Athen setzt alle Hoffnungen auf Europa

Von Karl-Günther Renz

Für Konstantin Karamanlis sind Journalisten ein Greuel. Sie stehlen ihm Zeit, so mag er denken, und sie stellen Fragen, die er weder beantworten kann noch will. Seine Devise ist die Diskretion. Jedes laute Wort wird vermieden. Die Möglichkeit, über Interviews mit ausländischen Journalisten Politik zu betreiben, wie es andere Staatschefs meisterhaft verstehen, ist ihm bis jetzt noch nicht in den Sinn gekommen.

Hat man dennoch den Vorzug, im kleinen Salon seines Appartements im fünften Stock des antiquierten Nobel-Hotels Grande Bretagne von ihm empfangen zu werden, so muß man sich an gewisse Spielregeln halten. Kein Notizblock, keine Fragen zu unmittelbar politischen Ereignissen. "Der Premier bevorzugt die Unterhaltung, das Gespräch", sagt ein Vertrauter. Und wenn Karamanlis schließlich zu sprechen beginnt, fällt kein Satz zuviel. Kerzengerade aufgerichtet, das Gesicht verschlossen und fast ein wenig hochmütig, verbreitet er die Aura kühler Distanz um sich – halb Hagestolz, halb Feudalherr. Seine Autorität füllt den Raum und heischt Respekt.
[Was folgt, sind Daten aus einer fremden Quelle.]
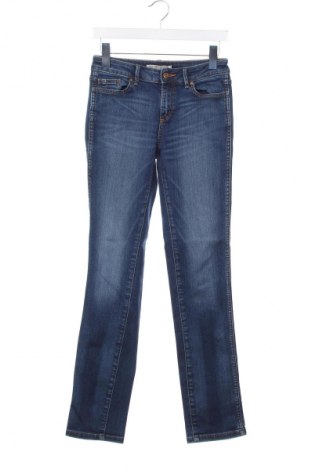 Damen Jeans Zara, Größe S, Farbe Blau, Preis 8,49 €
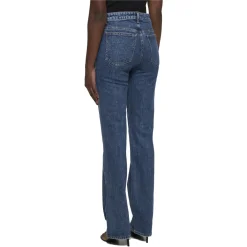 Khaite Jeans*Danielle Jeans Blå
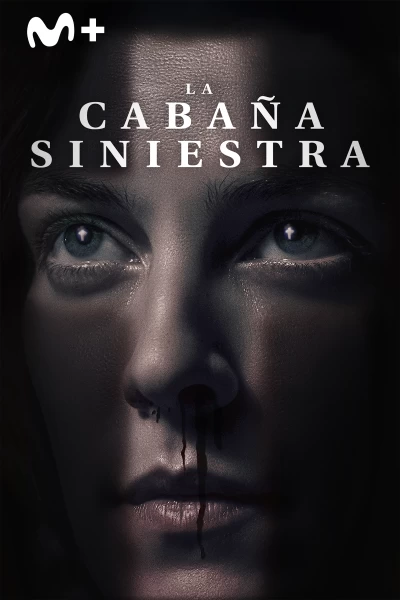 La cabaña siniestra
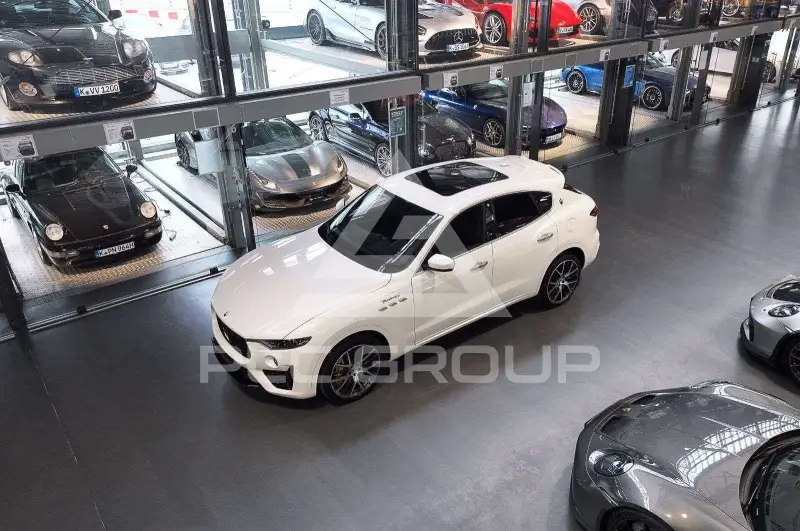 2022 Maserati LEVANTE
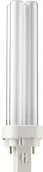 Świetlówki - Philips PL-C 26W/840/2P G24D-3 - miniaturka - grafika 1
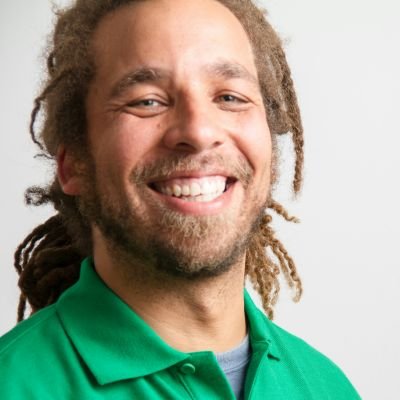 Profile Picture of Gerald Smithon Twitter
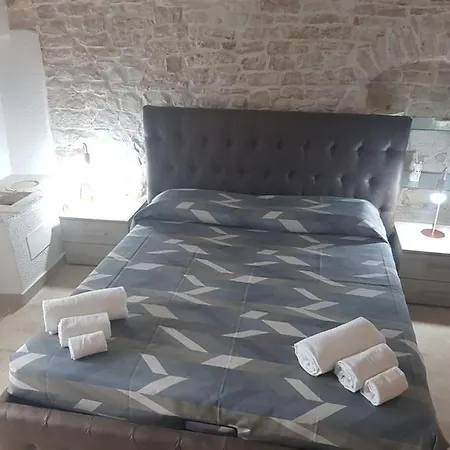 Perfetta Letizia Bed and breakfast 3*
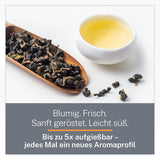 Ti Guan Yin Bio Oolong Tea 100g - Økologisk Oolong te af høj kvalitet fra Kina - Wu Long (ceremoniel kvalitet) - Til teelskere og kendere - Mycupoftea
Er ist ganz harte Linie, was den türkischen Nachbarn betrifft. Seine innenpolitischen Schwierigkeiten deutet er an, betont jedoch auch seinen Optimismus, wenn er von der geplanten Entwicklung seines Landes zur Demokratie spricht. Der Rest ist Schweigen. Lieber sagt er nichts, als daß er zur Lüge greift. Seine beiden Fernsehreden an sein Volk waren ein Muster von Kargheit.

"Der hat dem Volk ja überhaupt nichts gegeben", registrierte ein deutscher Kollege mit Unmut, nachdem Karamanlis den Griechen beim zweiten Höhepunkt der Zypernkrise klargemacht hatte, daß die Vernunft einen kriegerischen Akt gegen die Türkei ausschließe. Karamanlis wollte dem Volk die Erkenntnis der erlittenen Demütigung nicht ersparen. Mit dem Mut der Verzweiflung soll es an den Wiederaufbau der Nation gehen.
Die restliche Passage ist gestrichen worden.